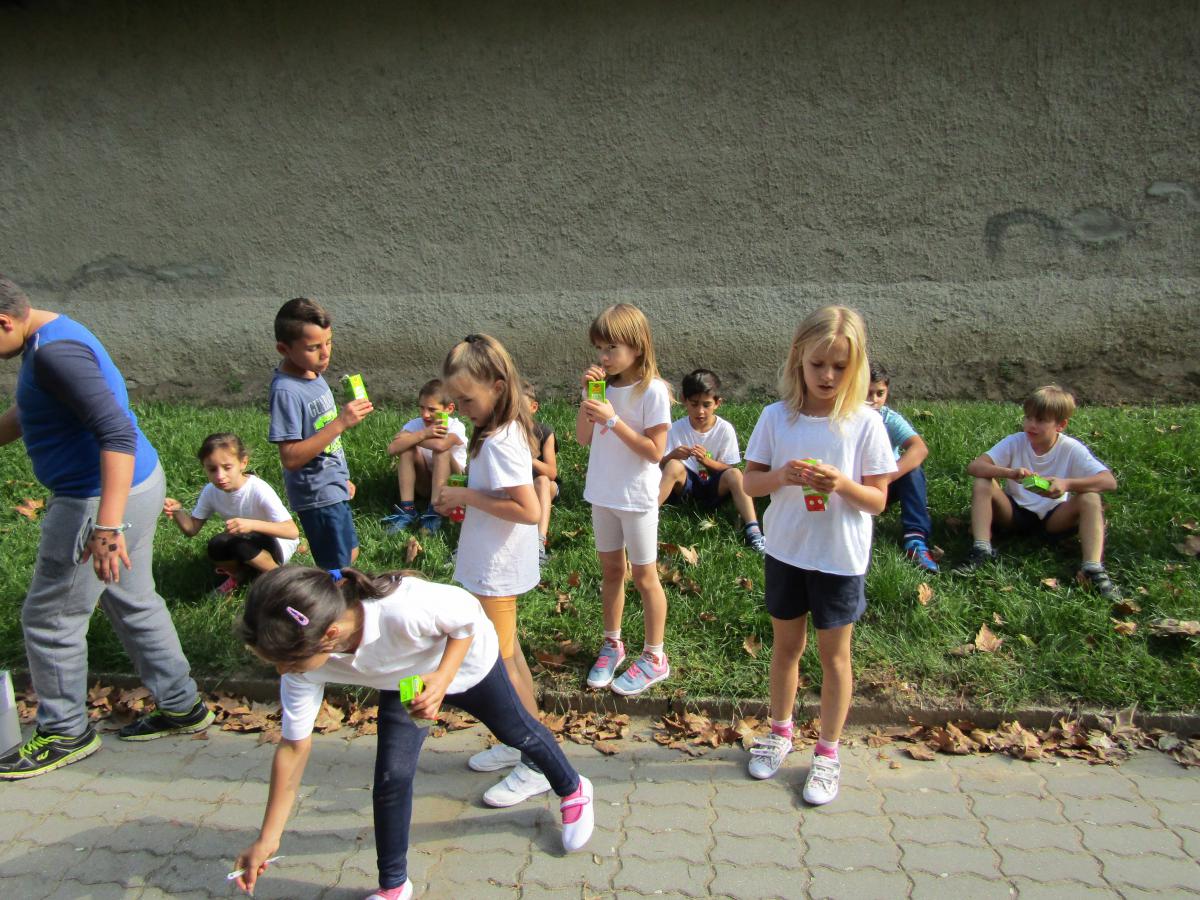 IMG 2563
+===+
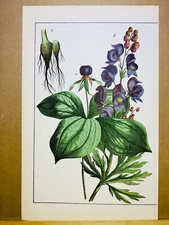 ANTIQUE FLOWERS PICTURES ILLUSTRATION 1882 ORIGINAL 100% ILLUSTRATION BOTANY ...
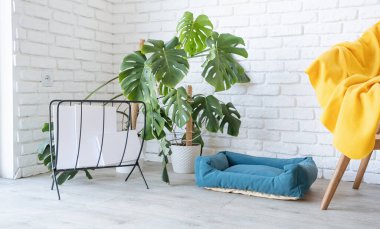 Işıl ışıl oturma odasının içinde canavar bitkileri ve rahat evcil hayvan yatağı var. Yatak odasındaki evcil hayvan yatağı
+===+
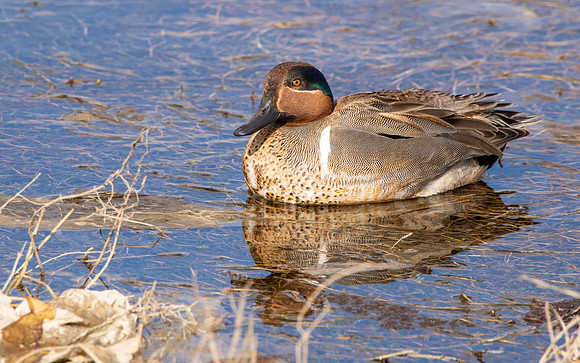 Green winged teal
+===+
» Problem to solve: Look above for the line containing "ANTIQUE FLOWERS PICTURES" and the line containing "Işıl ışıl oturma", then reproduce both and everything between them exactly, pictures omitted.

» Solution below:
 ANTIQUE FLOWERS PICTURES ILLUSTRATION 1882 ORIGINAL 100% ILLUSTRATION BOTANY ...
 Işıl ışıl oturma odasının içinde canavar bitkileri ve rahat evcil hayvan yatağı var. Yatak odasındaki evcil hayvan yatağı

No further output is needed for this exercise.